L’artiste trentenaire reposera dans le quartier d’où il était originaire.
Werenoi, de son vrai nom Jérémy Bana Owona, a été inhumé mardi 20 mai à Montreuil (Seine-Saint-Denis), accompagné par le quartier qui l’avait vu grandir. Le rappeur s’est éteint le 17 mai à l’âge de 31 ans seulement, en pleine gloire, alors qu’il était numéro un des ventes d’albums en France ces deux dernières années. L’artiste à l’ascension fulgurante est mort brutalement dans un hôpital parisien, sans que les causes de son décès soient précisées.
Quelque 800 personnes sont venues lui rendre hommage, après des prières dans une mosquée pleine. « Pas de téléphone, pas d’appareil photo, pas de caméra », répètent des vigiles devant le cimetière. Devant les grilles vertes du cimetière municipal, Nicolas, 25 ans, confie à l’AFP que « c’est la classe qu’il soit enterré ici, dans son quartier » de Montreuil, à l’est de Paris. « Ça m’a gravement touché qu’un artiste né ici, originaire du Cameroun (par ses parents) comme moi, ait tant de hype. J’aimais comment il posait ses mots sur l’instrumental. À Paris, au Zénith (en 2023), c’était mon premier concert et c’était fabuleux », ajoute le jeune homme à la chevelure rasta, assurant que sa mère qui vit avec lui « aime bien aussi ».
Dans le quartier Jean-Moulin, un homme de 27 ans a fermé son commerce pour assister aux obsèques. Se surnommant « Tommy », il évoque « quelqu’un de simple, de cool, un bon gars avec lequel on a grandi ». Il a toujours « cherché la discrétion », souligne-t-il, y compris ce décalage total entre sa reconnaissance parmi la jeunesse et son absence de notoriété dans les grands médias.
« Ce qu’il rappe, c’est ce qu’on vit tous les jours »
Werenoi s’était imposé comme l’artiste ayant vendu le plus d’albums en France en 2023 et 2024, selon le Syndicat national de l’édition phonographique. Pour expliquer ce succès, « Tommy » assure que « ce qu’il rappe, c’est ce qu’on vit tous les jours, car même ici, il y a deux mondes parallèles, le monde des Bisounours et un monde dur qu’il racontait dans ses textes : misère sociale, police, jalousie des gens, trafic aussi ».

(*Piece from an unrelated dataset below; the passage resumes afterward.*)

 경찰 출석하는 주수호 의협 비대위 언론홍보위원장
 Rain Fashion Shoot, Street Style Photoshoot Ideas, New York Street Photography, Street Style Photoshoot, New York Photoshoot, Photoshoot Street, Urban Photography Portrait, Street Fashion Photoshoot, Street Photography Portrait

« Les gens se reconnaissent en lui parce qu’il était crédible, ce n’était pas une fausse image », assure aussi Moussa, 33 ans. « Il a grandi dans la rue ici. Ce n’était pas un rappeur créé de toutes pièces à qui on met une chaîne en or et qui va clipper à Marseille alors qu’il est d’Avignon », ironise-t-il. Yass, 22 ans, séduit par son titre Solitaire, répète que Werenoi « avait de l’esprit ». Avant d’admettre que ses paroles évoquant trafics et violences étaient « dures ».
Quelques heures après l’annonce de son décès, les clips musicaux de Werenoi ont tous été retirés de YouTube. Seuls les audios restent en ligne, dont son dernier duo (Piano) avec le rappeur Gims. Mais sa discographie reste disponible sur les plateformes de streaming Spotify et Deezer.
Sortant du collège, un adolescent de 14 ans, Mamadou, se dit « touché » par sa mort, mais estime qu’« il y a beaucoup d’hypocrisie, car des gens qui ne l’écoutaient pas s’abonnent maintenant à son Instagram et disent que c’était leur rappeur préféré ». « Il racontait un peu des vérités », ajoute-t-il timidement.
« Il était gentil avec son quartier »
« Ça m’a fait mal au cœur », sa mort, confie aussi Sohayb, 14 ans, qui aura beaucoup écouté La League (« Toujours accompagné d’son Beretta, il vient du 9-3… Il joue d’la guitare, pas d’opéra… »). « Ses paroles, c’est un peu dur, mais quand il les dit, genre, j’aime trop ! ». Le regard caché derrière des lunettes de soleil, « Werenoi ne souriait jamais, c’est ça qui faisait son charme aussi. Et il était gentil avec son quartier », assure le collégien.